Fringe finalmente revela suas pepitas
Miguel Anunciação*
Crítico/Espetáculos
CURITIBA (PR) - Nenhuma outra edição do Fringe atraiu tanta gente: tanto bateu recorde de inscrições (passou de 500) quanto de número de montagens. Na largada dessa edição, 264 títulos angariavam atenções na mostra paralela. Obviamente, desistências já ocorriam antes mesmo de o festival começar: “Amoroscuro”, de Ouro Preto, por exemplo, não pôde vir por escassez de tempo para fechar os ensaios.
Há tempos o Fringe tem sido fonte de belos achados. Foi assim com o Espanca!, a Cia Clara, a Luna Lunera, todos de Minas. Mas as edições anteriores nunca haviam demorado tanto a apresentar pepitas. Uma é de Minas - “Fala Comigo Como a Chuva” ganhou comentários elogiosos, espaços generosos.
Um dos melhores trabalhos da temporada mineira de 2008, a montagem da Cia Teatro Adulto pode render a Samira Ávila os dois prêmios de Melhor Atriz. Ela, que já atuou no Espanca!, dificilmente encontrará concorrência à altura. A luz de Telma Fernandes também deve concorrer aos prêmios. É ótima.
O texto curto de Tennessee Williams não reserva muito espaço para Luiz Arthur, sujeito que volta para o lar após uma temporada de desregrada bebedeira. Excelente ator, Luiz parece aquém da tarefa de insinuar as intenções do seu personagem com tão poucas palavras. A direção de Cynthia Paulino, a primeira num patamar profissional, demonstra traquejo. Ergue um espetáculo digno, convincente. Talvez redundante na escolha das canções da trilha, um tanto legendas, e seja menos feliz em certas escolhas (a água que escorre ao fundo, um painel com um recorte de Klimt, figurinos seguidamente tirados, molhados, recolocados; e vasos de vidro no canto esquerdo do palco), que não colaboram para sugerir mais camadas de interpretação do texto e das situações. Ainda assim, o espetáculo se impõe. É altamente recomendável, e um nível tão consistente que o destacou entre centenas de alternativas em Curitiba.

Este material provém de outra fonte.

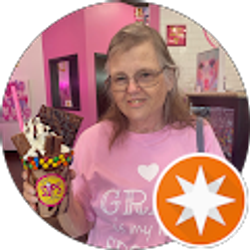 Profile photo of Sherri Gold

Outro destaque do Fringe até aqui é “Além da Mágica”, show de ilusionismo do paulista Célio Amino, ainda que soe realmente estranho que um show de mágica chame tanta atenção num festival consagrado ao teatro. Além de o teatro não estar grande coisa neste Fringe, o espetáculo de Amino é encantador, um grande programa para espectadores de todas as idades. Além de os números impressionarem, o espetáculo propõe uma dramaturgia básica, de como um garoto atento, curioso, aprendeu esta técnica milenar com um mestre japonês. Ele mesmo um descendente de japoneses, Amino é um mágico diferenciado: não incorre no arrogância da performance, na ilusão de que domina completamente seu ofício. Tanto cede a impressão de poder falhar, como não se desespera com esta possibilidade. Todo o espetáculo é perpassado por falas de cunho filosófico, inclusive que cada um dos mágicos, isoladamente, perpetuariam uma tradição. Amino perpetua, com imensa graça.
Esta bela criação supervisionada por Chiquinho Medeiros, poderá ser vista em outros praças, muito em breve: os curadores dos festivais de Salvador, Nehle Franke, e Ipatinga, Michel Ferrabiamo, pegaram contato. Amino, no entanto, tem agenda cheia em 2010: foi escolhido para participar de uma versão operística de “A Flauta Mágica”, em Paris, dirigida por nada menos que Peter Brook. Sentiu o nível?.
(*) O jornalista viajou a convite do festival.